In the second quarter of last year, just 2.6 per cent of the broiler carcasses passing through poultry plants tested positive for Salmonella and in the third quarter, it was 4.5 per cent.
A total of 73.7 per cent of all poultry processing plants are classed as Category 1 or good and only six per cent are Category 3 – bad- where their details are published on the FDA website.
More than 82 per cent of turkey processing plants are classed as Category 1.
Dr Raymond added that contrary to popular opinion, larger plants are more successful in countering Salmonella than smaller plants, with just 0.7 per cent of large plants testing positive for Salmonella. A total of 8.1 per cent of small plants were found to have Salmonella contamination and 22 per cent of very small plants.

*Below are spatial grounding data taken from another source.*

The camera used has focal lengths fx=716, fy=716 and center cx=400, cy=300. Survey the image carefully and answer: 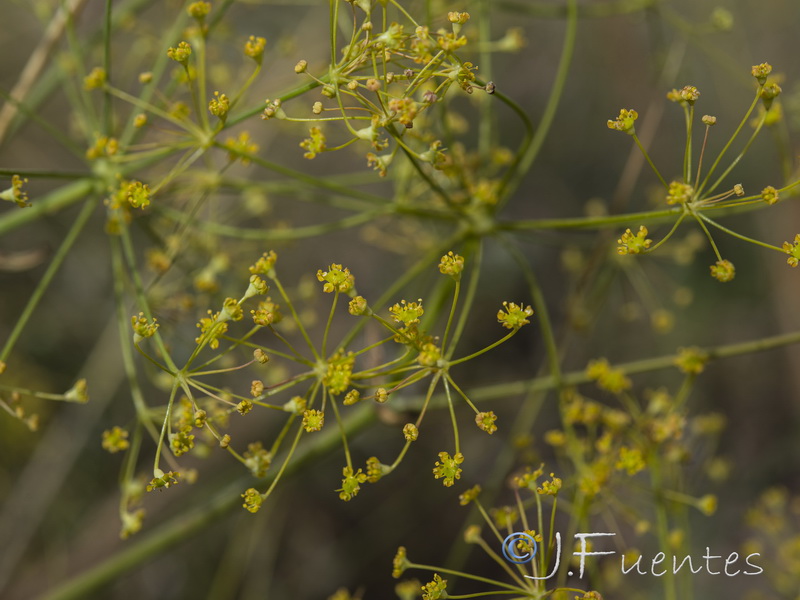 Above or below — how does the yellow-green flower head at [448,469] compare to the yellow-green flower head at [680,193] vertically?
below

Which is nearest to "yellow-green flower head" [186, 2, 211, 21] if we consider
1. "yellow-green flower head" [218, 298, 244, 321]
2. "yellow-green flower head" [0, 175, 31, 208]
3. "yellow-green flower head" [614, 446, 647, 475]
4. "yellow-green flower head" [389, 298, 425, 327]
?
"yellow-green flower head" [0, 175, 31, 208]

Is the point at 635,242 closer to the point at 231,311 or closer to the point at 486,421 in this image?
the point at 486,421

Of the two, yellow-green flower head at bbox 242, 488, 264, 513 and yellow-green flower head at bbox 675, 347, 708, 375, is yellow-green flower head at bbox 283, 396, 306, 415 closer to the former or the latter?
yellow-green flower head at bbox 242, 488, 264, 513

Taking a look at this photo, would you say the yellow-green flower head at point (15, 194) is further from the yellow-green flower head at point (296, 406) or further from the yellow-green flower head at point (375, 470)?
the yellow-green flower head at point (375, 470)

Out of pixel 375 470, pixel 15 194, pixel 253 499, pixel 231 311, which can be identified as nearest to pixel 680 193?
pixel 375 470

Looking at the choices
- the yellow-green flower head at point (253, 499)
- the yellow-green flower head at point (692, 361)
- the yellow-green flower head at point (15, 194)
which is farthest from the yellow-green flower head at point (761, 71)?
the yellow-green flower head at point (15, 194) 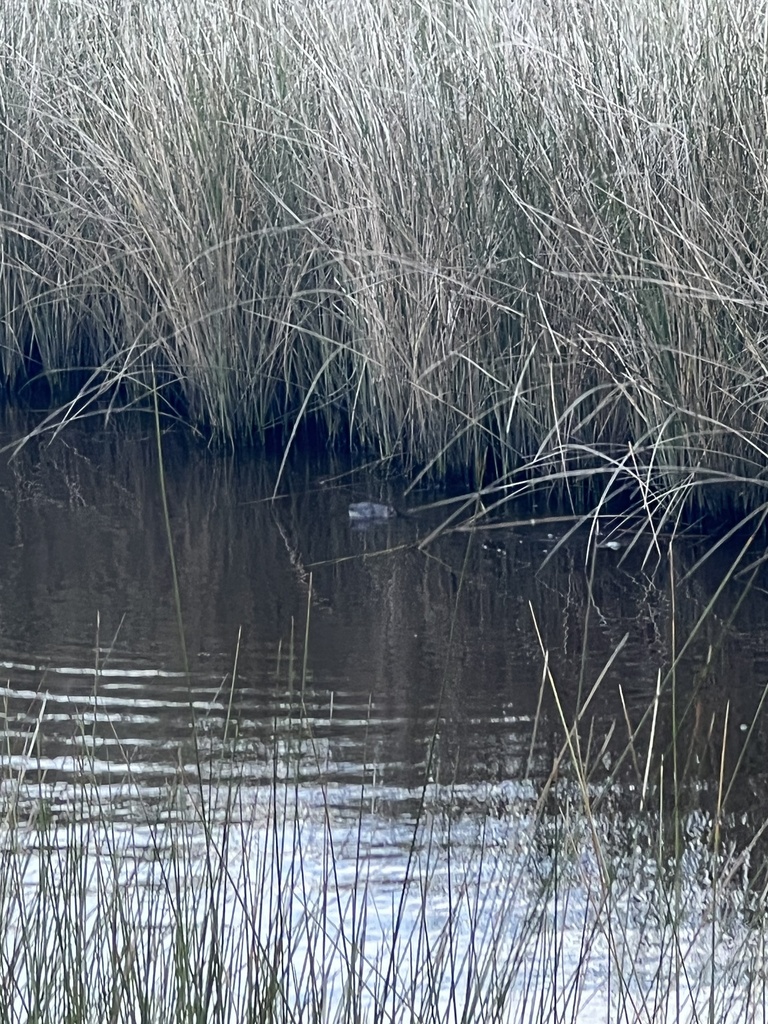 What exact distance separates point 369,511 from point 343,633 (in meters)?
0.84

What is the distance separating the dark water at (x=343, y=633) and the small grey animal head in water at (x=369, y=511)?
4 centimetres

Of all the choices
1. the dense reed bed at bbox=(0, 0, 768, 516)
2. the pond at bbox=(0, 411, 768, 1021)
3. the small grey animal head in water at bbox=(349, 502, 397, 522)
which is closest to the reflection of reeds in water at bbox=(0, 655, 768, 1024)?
the pond at bbox=(0, 411, 768, 1021)

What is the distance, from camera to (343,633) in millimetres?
3240

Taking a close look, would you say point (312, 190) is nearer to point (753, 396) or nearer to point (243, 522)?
point (243, 522)

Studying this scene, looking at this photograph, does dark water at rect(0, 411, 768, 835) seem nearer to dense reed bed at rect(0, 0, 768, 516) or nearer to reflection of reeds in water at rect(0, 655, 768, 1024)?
reflection of reeds in water at rect(0, 655, 768, 1024)

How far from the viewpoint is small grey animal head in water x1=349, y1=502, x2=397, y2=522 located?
4.00 m

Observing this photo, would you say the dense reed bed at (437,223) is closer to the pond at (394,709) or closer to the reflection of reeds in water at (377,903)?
the pond at (394,709)

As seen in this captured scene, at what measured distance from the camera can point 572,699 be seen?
290cm

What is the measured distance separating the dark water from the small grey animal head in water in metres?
0.04

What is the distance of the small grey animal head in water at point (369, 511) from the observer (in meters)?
4.00

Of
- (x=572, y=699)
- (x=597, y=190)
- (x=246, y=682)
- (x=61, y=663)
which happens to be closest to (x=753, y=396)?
(x=597, y=190)

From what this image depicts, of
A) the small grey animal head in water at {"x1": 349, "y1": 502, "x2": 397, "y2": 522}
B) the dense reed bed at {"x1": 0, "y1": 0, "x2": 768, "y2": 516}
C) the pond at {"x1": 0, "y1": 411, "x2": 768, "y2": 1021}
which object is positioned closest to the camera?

However, Dr Raymond warned that among comminuted chicken products, mechanically separated chicken meat was found to be 81.5 per cent positive for Salmonella contamination while ground chicken was 40.3 per cent positive and other comminuted products were 36.5 per cent positive.
“Chicken carcasses are going in the right direction but comminuted chicken parts are going in the wrong direction,” Dr Raymond said.
He said that the Food Safety and Inspection Service (FSIS) can be expected to produce new standards for comminuted chicken but he warned that he did not believe that mechanically recovered chicken meat should not be sold to be cooked commercially and should not enter the market as a near ready-to-eat product.